« Zéphirin Camélinat
(1840-1932)
l'homme, le militant, le symbole »
les 11 et 12 octobre 2003
LES CANUTS
Aristide Bruant (1894)
Pour chanter Veni Creator
Il faut une chasuble d'or
Pour chanter Veni Creator
Il faut une chasuble d'or
Nous en tissons pour vous gens de l'église
Et nous pauvres canuts n'avons pas de chemise
C'est nous les canuts
Nous sommes tout nus
Pour gouverner il faut avoir
Manteaux et rubans en sautoir
Pour gouverner il faut avoir
Manteaux et rubans en sautoir
Nous en tissons pour vous grands de la terre
Et nous pauvres canuts sans drap on nous enterre
C'est nous les canuts
Nous sommes tout nus
Mais notre règne arrivera
Quand votre règne finira
Mais notre règne arrivera
Quand votre règne finira
Nous tisserons le linceul du vieux monde
Et l' on entend déjà la révolte qui gronde
C'est nous les canuts
Nous n'irons plus nus
Le grand métingue du Métropolitain
Maurice Mac-Nab – Camille Baron - 1885
C’était hier, samedi, jour de paye,
Et le soleil se levait sur nos fronts.
J’avais déjà vidé plus d’une bouteille,
Si bien qu’j’m’avais jamais trouvé si rond.

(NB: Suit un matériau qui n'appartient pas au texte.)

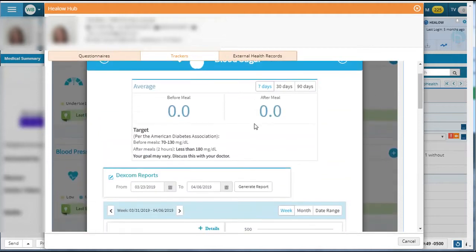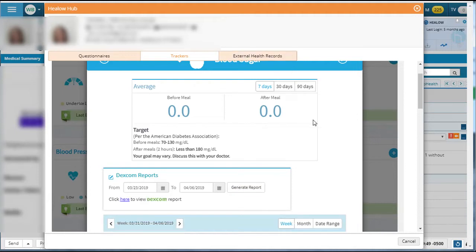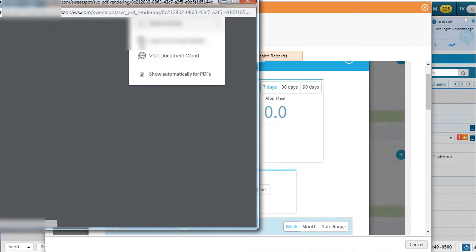You'll see the glucose, the Dexcom reports. You can choose the dates, then click the generate report button. Just like the EXE version, you'll get a blue hyperlink that launches a PDF for you.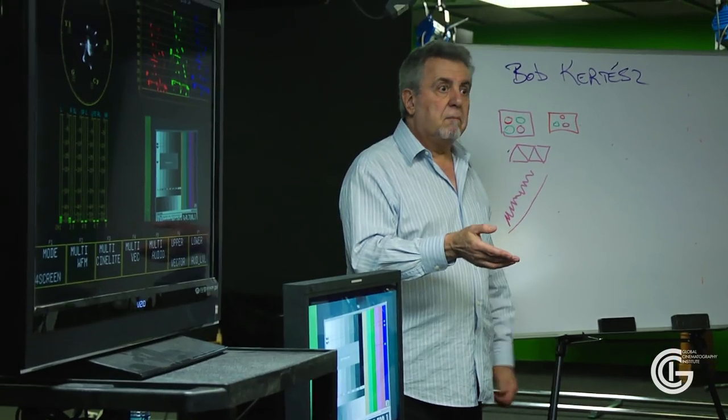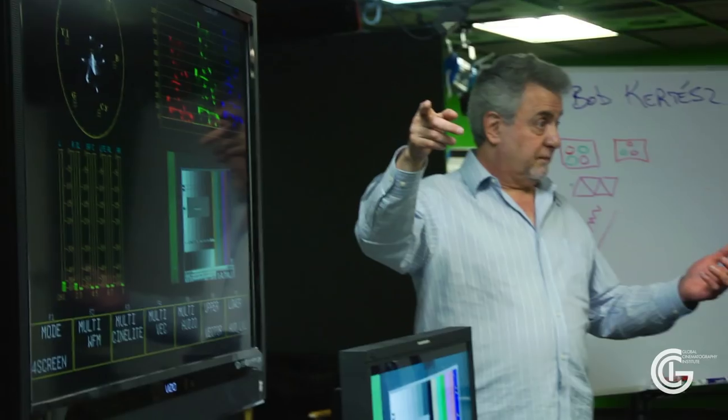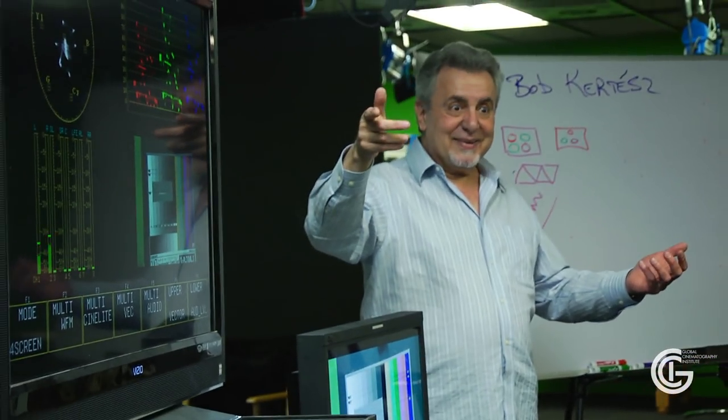I deal with the set part of it. I teach practical examples of how you can walk up to any camera, understand what the menu settings mean even if you've never seen it before, and select your gamma curve, your color space, how to set the ASA of the camera, how to determine the ASA of the camera if you don't know what it is, and how to quickly set up a monitor.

V’là la bourgeoise qui rapplique devant l’zing :
« Feignant qu’elle dit, t’as donc lâché l’turbin ?
- Oui, que j’réponds, car je vais au métingue, )
Au grand métingue du Métropolitain ! » ) (bis)
Les citoyens, dans un élan sublime,
Etaient venus, guidés par la raison.
A la porte, on donnait vingt-cinq centimes
Pour soutenir les grèves de Vierzon.
Bref, à part quatre municipaux qui chlinguent
Et trois sergots déguisés en pékin,
J’ai jamais vu de plus chouette métingue, )
Que le métingue du Métropolitain ! ) (bis)
Y’avait Basly, le mineur indomptable,
Camélinat, l’orgueil du pays…
Ils sont grimpés tous deux sur une table,
Pour mettre la question sur le tapis.
Mais, tout à coup, on entend du bastringue :
C’est un mouchard qui veut faire le malin !
Il est venu pour troubler le métingue, )
Le grand métingue du Métropolitain ! ) (bis)
Moi, j’tombe dessus et, pendant qu’il proteste,
D’un grand coup d’poing j’y renfonce son chapeau !
Il déguerpit sans demander son reste,
En faisant signe aux quatre municipaux.
A la faveur de c’que j’étais brind’zingue,
On m’a conduit jusqu’au poste voisin ;
Et c’est comme ça qu’a fini le métingue )
Le grand métingue du Métropolitain ! ) (bis)
Peuple français, la Bastille est détruite,
Mais y’a encore des cachots pour tes fils !
Souviens-toi des géants de quarante-huit,
Qu’étaient plus grands qu’ceuss’ du jour d’aujourd’hui !
Car c’est toujours l’pauvre ouvrier qui trinque,
Même qu’on le fourre au violon pour un rien !
C’était tout d’même un bien chouette métingue )
Que le métingue du Métropolitain ! ) (bis)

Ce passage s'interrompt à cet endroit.